Article 8. Thus, it is not in consequence of their own merits, or strength, but of God's free mercy, that they do not totally fall from faith and grace, nor continue and perish finally in their backslidings; which, with respect to themselves, is not only possible, but would undoubtedly happen; but with respect to God, it is utterly impossible, since his counsel cannot be changed, nor his promise fail, neither can the call according to his purpose be revoked, nor the merit, intercession and preservation of Christ be rendered ineffectual, nor the sealing of the Holy Spirit be frustrated or obliterated.

Article 9. Of this preservation of the elect to salvation, and of their perseverance in the faith, true believers for themselves may and ought to obtain assurance according to the measure of their faith, whereby they arrive at the certain persuasion, that they ever will continue true and living members of the church; and that they experience forgiveness of sins, and will at last inherit eternal life.
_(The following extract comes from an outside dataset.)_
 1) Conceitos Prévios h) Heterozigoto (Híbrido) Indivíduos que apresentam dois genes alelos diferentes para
Article 10. This assurance, however, is not produced by any peculiar revelation contrary to, or independent of the Word of God; but springs from faith in God's promises, which he has most abundantly revealed in his Word for our comfort; from the testimony of the Holy Spirit, witnessing with our spirit, that we are children and heirs of God, Romans 8:16; and lastly, from a serious and holy desire to preserve a good conscience, and to perform good works. And if the elect of God were deprived of this solid comfort, that they shall finally obtain the victory, and of this infallible pledge or earnest of eternal glory, they would be of all men the most miserable.

Article 11. The Scripture moreover testifies, that believers in this life have to struggle with various carnal doubts, and that under grievous temptations they are not always sensible of this full assurance of faith and certainty of persevering. But God, who is the Father of all consolation, does not suffer them to be tempted above that they are able, but will with the temptation also make a way to escape, that they may be able to bear it, I Corinthians 10:13, and by the Holy Spirit again inspires them with the comfortable assurance of persevering.
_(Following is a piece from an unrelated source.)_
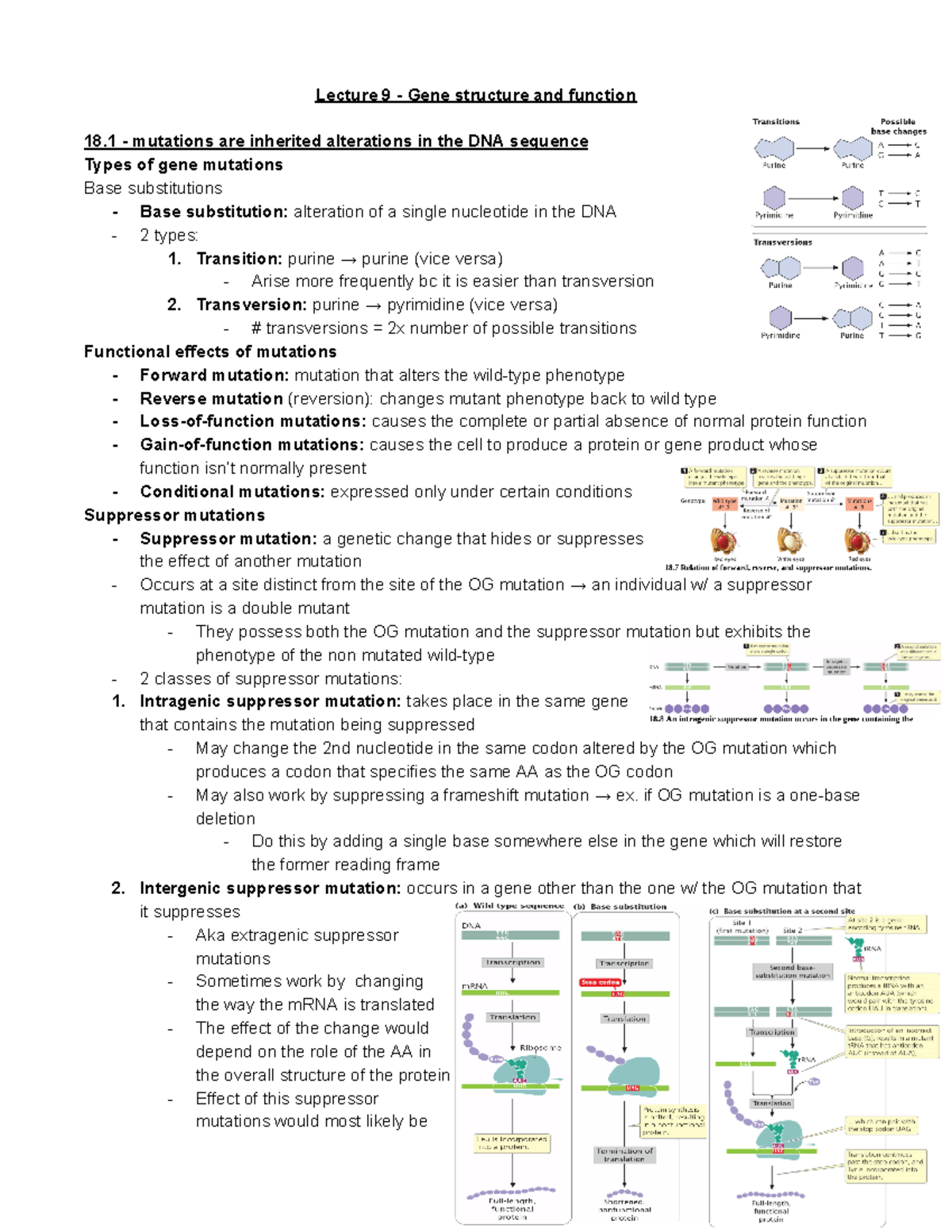 Lecture 9 - Gene Structure, Function & Mutation Overview - Studocu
Article 12. This certainty of perseverance, however, is so far from exciting in believers a spirit of pride, or of rendering them carnally secure, that on the contrary, it is the real source of humility, filial reverence, true piety, patience in every tribulation, fervent prayers, constancy in suffering, and in confessing the truth, and of solid rejoicing in God: so that the consideration of this benefit should serve as an incentive to the serious and constant practice of gratitude and good works, as appears from the testimonies of Scripture, and the examples of the saints.

Article 13. Neither does renewed confidence or persevering produce licentiousness, or a disregard to piety in those who are recovering from backsliding; but it renders them much more careful and solicitous to continue in the ways of the Lord, which he hath ordained, that they who walk therein may maintain an assurance of persevering, lest by abusing his fatherly kindness, God should turn away his gracious countenance from them, to behold which is to the godly dearer than life: the withdrawing thereof is more bitter than death, and they in consequence hereof should fall into more grievous torments of conscience.
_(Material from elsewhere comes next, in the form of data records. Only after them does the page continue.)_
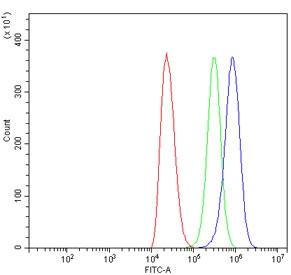 Flow cytometry testing of human ThP-1 cells with GLUL antibody at 1ug/million cells (blocked with goat sera); Red=cells alone, Green=isotype control, Blue= GLUL antibody.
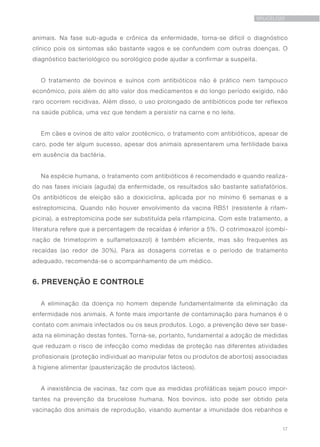 17
BRUCELOSE
animais. Na fase sub-aguda e crônica da enfermidade, torna-se difícil o diagnóstico
clínico pois os sintomas são bastante vagos e se confundem com outras doenças. O
diagnóstico bacteriológico ou sorológico pode ajudar a confirmar a suspeita.
O tratamento de bovinos e suínos com antibióticos não é prático nem tampouco
econômico, pois além do alto valor dos medicamentos e do longo período exigido, não
raro ocorrem recidivas. Além disso, o uso prolongado de antibióticos pode ter reflexos
na saúde pública, uma vez que tendem a persistir na carne e no leite.
Em cães e ovinos de alto valor zootécnico, o tratamento com antibióticos, apesar de
caro, pode ter algum sucesso, apesar dos animais apresentarem uma fertilidade baixa
em ausência da bactéria.
Na espécie humana, o tratamento com antibióticos é recomendado e quando realiza-
do nas fases iniciais (aguda) da enfermidade, os resultados são bastante satisfatórios.
Os antibióticos de eleição são a doxiciclina, aplicada por no mínimo 6 semanas e a
estreptomicina. Quando não houver envolvimento da vacina RB51 (resistente à rifam-
picina), a estreptomicina pode ser substituída pela rifampicina. Com este tratamento, a
literatura refere que a percentagem de recaídas é inferior a 5%. O cotrimoxazol (combi-
nação de trimetoprim e sulfametoxazol) é também eficiente, mas são frequentes as
recaídas (ao redor de 30%). Para as dosagens corretas e o período de tratamento
adequado, recomenda-se o acompanhamento de um médico.
6. PREVENÇÃO E CONTROLE
A eliminação da doença no homem depende fundamentalmente da eliminação da
enfermidade nos animais. A fonte mais importante de contaminação para humanos é o
contato com animais infectados ou os seus produtos. Logo, a prevenção deve ser base-
ada na eliminação destas fontes. Torna-se, portanto, fundamental a adoção de medidas
que reduzam o risco de infecção como medidas de proteção nas diferentes atividades
profissionais (proteção individual ao manipular fetos ou produtos de abortos) associadas
à higiene alimentar (pausterização de produtos lácteos).
A inexistência de vacinas, faz com que as medidas profiláticas sejam pouco impor-
tantes na prevenção da brucelose humana. Nos bovinos, isto pode ser obtido pela
vacinação dos animais de reprodução, visando aumentar a imunidade dos rebanhos e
Article 14. And as it hath pleased God, by the preaching of the gospel, to begin this work of grace in us, so he preserves, continues, and perfects it by the hearing and reading of his Word, by meditation thereon, and by the exhortations, threatenings, and promises thereof, as well as by the use of the sacraments.

Article 15. The carnal mind is unable to comprehend this doctrine of the perseverance of the saints, and the certainty thereof; which God hath most abundantly revealed in his Word, for the glory of his name, and the consolation of pious souls, and which he impresses upon the hearts of the faithful. Satan abhors it; the world ridicules it; the ignorant and hypocrite abuse, and heretics oppose it; but the spouse of Christ hath always most tenderly loved and constantly defended it, as an inestimable treasure; and God, against whom neither counsel nor strength can prevail, will dispose her to continue this conduct to the end. Now, to this one God, Father, Son, and Holy Spirit, be honor and glory, forever. AMEN.